New real estate agents have it kinda tough in a market where they are supposed to know what they don’t know, especially when it comes to the final walkthrough for the buyer. The problem seems to be that some think it’s a time for the buyer to conduct a final inspection, which it is not. I’m not sure where they get that idea, but probably from the same place that other bad ideas come from, the land of assumption. To get to the land of assumption, you’ve first got to cross the river of confusion and hope you don’t have to navigate blindfolded at high tide.
I wish there was some sort of handbook, filled with mistakes that rookie agents make, so we could buy this book and gift it to them, but life seems to do a pretty darned good job of preparing them for mistakes through the gift of consequences. It’s a good way for people to remember mistakes and not make them again. Although it can be painful.
Things are not always as logical as one might assume. For example, for some reason, a buyer’s agent thought a home would be vacant for the final walkthrough. The agent believed it would be completely void of personal belongings, including said person. This information was conveyed to the buyer as a matter of fact when it was actually a matter of a big mistake. I suppose when it’s your first deal, you don’t necessarily think through every step or you believe things will happen a certain way, even when they happen a different way.
In times of confusion like this, it’s always a good idea to read the Residential Purchase Contact. Buyer possession is handled in a paragraph under “Closing and Possession.” By default, the contract gives possession of the home to the buyer on the day of closing at 6 PM. This means the seller retains possession of the property and can keep his or her personal items in the property up until 6 PM on the date it closes.
So. if you’re planning to do a final walkthrough that morning, guess what? The seller may still be living in the home and still in the process of moving out. If that is unacceptable to the buyer, the time to address this is prior to closing, say around the time the contract is presented for acceptance or any time after that, prior to the date of closing. One does not wait until the day it is supposed to close escrow and then decide to ask the seller to vacate the premises earlier. That’s poor planning and likely to backfire.
But that’s why buyers want to hire an experienced agent to help. Buyers deserve an agent who understands buyer possession and can arrange for possession to be delivered in the manner the buyer desires.
Call partners Elizabeth Weintraub, Sacramento Broker or JaCi Wallace, RE/MAX Gold at 916.233.6759.

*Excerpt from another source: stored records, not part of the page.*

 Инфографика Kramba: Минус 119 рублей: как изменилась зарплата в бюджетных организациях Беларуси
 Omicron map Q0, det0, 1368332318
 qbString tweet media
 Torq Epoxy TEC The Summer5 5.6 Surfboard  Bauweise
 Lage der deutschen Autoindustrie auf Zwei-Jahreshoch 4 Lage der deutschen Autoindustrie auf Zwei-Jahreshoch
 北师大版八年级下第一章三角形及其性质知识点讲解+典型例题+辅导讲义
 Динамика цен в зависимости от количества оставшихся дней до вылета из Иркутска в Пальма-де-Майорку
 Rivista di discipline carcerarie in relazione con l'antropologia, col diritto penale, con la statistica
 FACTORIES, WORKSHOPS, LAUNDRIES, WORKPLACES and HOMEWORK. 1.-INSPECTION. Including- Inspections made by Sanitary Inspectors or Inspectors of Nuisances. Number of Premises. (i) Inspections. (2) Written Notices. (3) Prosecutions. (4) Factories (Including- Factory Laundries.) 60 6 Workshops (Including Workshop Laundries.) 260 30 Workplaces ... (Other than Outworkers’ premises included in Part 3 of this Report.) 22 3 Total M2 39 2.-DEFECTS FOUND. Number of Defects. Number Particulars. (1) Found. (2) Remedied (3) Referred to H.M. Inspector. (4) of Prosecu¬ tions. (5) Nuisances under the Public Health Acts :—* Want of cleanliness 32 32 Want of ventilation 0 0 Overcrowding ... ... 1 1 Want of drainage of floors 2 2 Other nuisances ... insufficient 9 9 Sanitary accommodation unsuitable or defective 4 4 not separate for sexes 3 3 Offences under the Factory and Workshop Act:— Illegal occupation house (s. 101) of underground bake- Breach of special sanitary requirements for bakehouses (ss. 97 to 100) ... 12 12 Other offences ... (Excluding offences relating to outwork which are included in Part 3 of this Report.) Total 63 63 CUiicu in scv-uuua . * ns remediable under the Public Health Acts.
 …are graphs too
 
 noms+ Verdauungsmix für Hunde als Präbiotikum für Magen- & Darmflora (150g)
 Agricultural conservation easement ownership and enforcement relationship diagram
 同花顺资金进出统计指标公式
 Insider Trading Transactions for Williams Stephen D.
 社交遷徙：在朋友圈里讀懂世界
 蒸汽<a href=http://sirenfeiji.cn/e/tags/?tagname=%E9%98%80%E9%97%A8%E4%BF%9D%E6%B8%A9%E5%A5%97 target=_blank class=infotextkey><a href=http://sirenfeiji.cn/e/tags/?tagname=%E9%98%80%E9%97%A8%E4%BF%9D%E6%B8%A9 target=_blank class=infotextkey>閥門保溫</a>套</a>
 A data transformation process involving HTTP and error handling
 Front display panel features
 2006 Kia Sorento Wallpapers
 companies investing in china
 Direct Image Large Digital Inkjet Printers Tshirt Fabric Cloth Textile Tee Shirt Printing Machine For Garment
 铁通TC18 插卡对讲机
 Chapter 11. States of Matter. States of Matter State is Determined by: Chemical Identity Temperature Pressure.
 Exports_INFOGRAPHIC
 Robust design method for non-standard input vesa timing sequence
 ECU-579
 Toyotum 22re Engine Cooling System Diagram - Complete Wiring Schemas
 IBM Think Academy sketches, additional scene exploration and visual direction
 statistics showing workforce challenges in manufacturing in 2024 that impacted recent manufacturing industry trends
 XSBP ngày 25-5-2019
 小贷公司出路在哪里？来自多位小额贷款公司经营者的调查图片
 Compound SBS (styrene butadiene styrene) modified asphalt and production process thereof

One of the worst things that can happen in any escrow is dealing with adversarial buyer possession that can arise when the seller refuses to move out on time. The reasons a seller may refuse to move out are numerous. The seller might not have been made aware of the date of closing. Although our transaction coordinators send out an estimated timeline, not every listing agent will respond to the timeline. Some will not send it to their sellers. Some listing agents don’t hire a transaction coordinator, either. Or, sometimes listing agents don’t know how to count the days to closing in a purchase contract. In which case they give the wrong date to the sellers.
When the seller refuses to move out on time, it can hold up the closing. It can also put the entire transaction at risk. Once the buyer issues a Demand to Close escrow, if the seller doesn’t close on the contractual date, the buyer is free to cancel the transaction without putting the buyer’s earnest money deposit at risk. The buyer might decide the seller is in breach of contract. If the buyer suffers financial consequences as a result, well, let’s just say I would not want to be that listing agent or that seller.
The other issue that arises is the buyer’s final walkthrough. Our California purchase contract allows for such an inspection within 5 days of closing. Sometimes buyers make unreasonable requests such as they might insist that the seller remove all items from the house prior to closing. However, a seller is not required to completely move out until the date in the contract. The date in the contract, for better or worse, is the day of closing at 6 PM, unless otherwise agreed to in writing.
The time to think about when buyers expect a seller to vacate the house is at the time the buyer’s agent prepares the offer. That is the time to negotiate an early move out if that is what the buyer desires. A buyer should not demand the seller move out early when the buyer has only a few days left until closing. That is being unreasonable. Completing the final walkthrough can be more difficult when the sellers’ belongings are still in the house, but that’s what a buyer gets when the buyer does not negotiate an early move out upon contract inception. The buyer is stuck.
Your best bet is to work with the seller when the seller refuses to move out on time. Either move the closing date to accommodate the seller’s move or play hardball and cancel the escrow after issuing the Demand to Close escrow. There are no seller move-out police. You can’t call the cops.